The commitment volume in the Export and project finance business sector, which provides financing in the interests of the German and European economy, rose by around 25% to a record value of EUR 22.1 billion (2018: EUR 17.7 billion). This is primarily due to the growth in bank refinancing from the CIRR ship and ERP export financing programmes, which are instruments for promoting foreign trade. Promotion of developing countries and emerging economies retained the previous year’s high value of EUR 10.6 billion. EUR 8.8 billion of this amount was accounted for by KfW Development Bank and EUR 1.8 billion by DEG. At KfW Development Bank, the regional focus was on Africa and the Middle East with 43% of commitments (close to EUR 3.5 billion).
The qualitative benchmarks that play a major role for KfW’s promotional activities developed well on a stable trajectory. For instance, promotion for climate and environmental protection amounted to 38% (“environment ratio”) while promotion for SMEs made up 40% (“SME ratio”).

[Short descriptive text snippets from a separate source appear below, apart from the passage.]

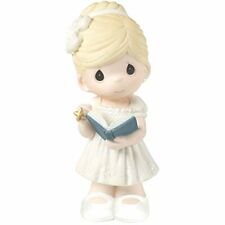 Precious Moments, This Is The Day The Lord Has Made Bisque Porcelain Girl Figuri picture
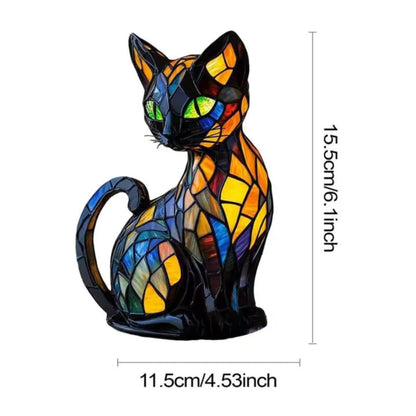 Lustige und Bunte Katzenlampe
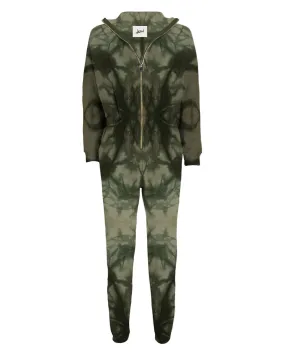 Restore Soft Terry Jumpsuit - Hunter Green Tie Dye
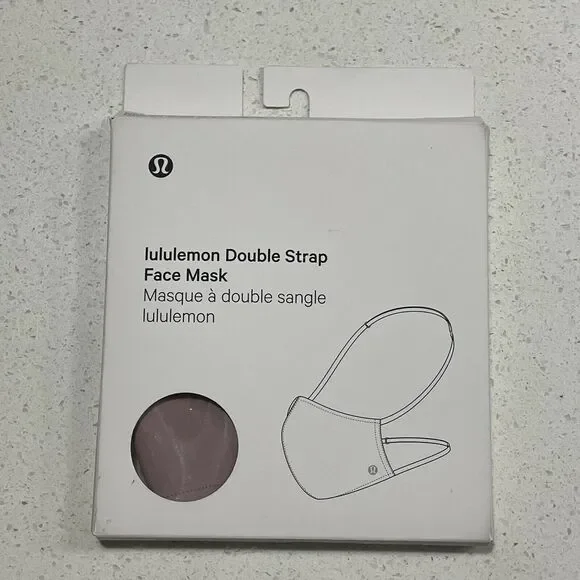 Lululemon Mauve Pink Black FACE MASK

Dr Günther Bräunig, Chief Executive Officer of KfW, said, “As anticipated, 2019 once again was a good promotion year for KfW. The outstanding rise in new commitments in our export and project financing business reflect the further increasing significance of our financing offers for the German economy and its globally-oriented business. And importantly, we also reached some key milestones last year, enabling us to embed national and international sustainability targets as binding benchmarks in our work.”
As regards 2020, Dr Bräunig added: “One of our focuses for the new year will be supporting the German Federal Government in implementing its Climate Action Programme 2030. As early as March, we will be supporting SMEs as they evolve to provide better protection for the climate, environment and resources by offering a new promotional loan for climate protection investments. The programme will start with effective interest rates beginning at 0% for the borrower. Working closely with the government, we are also preparing further initiatives in the fields of transport, buildings and energy. In addition, KfW is currently working with the German Ministry for Economic Affairs and Energy and the German Ministry of Finance to implement the coalition decision on the establishment of an equity fund of up to EUR 10 billion to promote future-oriented technologies, particularly in the areas of digitalisation and climate technology. A possible component will be an umbrella fund for growth capital helping to further improve the financing situation of young and growing companies.”
Details on the business sectors' promotional activities
The SME Bank & Private Clients business sector generated a total promotional volume of EUR 36.0 billion in 2019 (2018: EUR 36.3 billion). Demand was thus at a similar level to the previous year despite the economic slowdown and low interest levels.
The SME Bank segment contributed a promotional business volume of EUR 15.3 billion (2018: EUR 17.2 billion) while the Private Clients segment recorded a volume of EUR 20.6 billion (2018: EUR 19.1 billion).
The promotional priority area of Start-ups and general corporate finance recorded a promotional volume of EUR 6.8 billion (2018: EUR 6.7 billion). The KfW Entrepreneur Loan contributed EUR 3.1 billion of this total, which is significantly above the previous year’s level (2018: EUR 2.5 billion). Owing to a slowdown in business start-up activity in Germany, demand for KfW’s entrepreneurship products has decreased slightly. For instance, the commitment volume for the ERP Start-up Loan fell to EUR 2.9 billion in 2019 (previous year: EUR 3.5 billion).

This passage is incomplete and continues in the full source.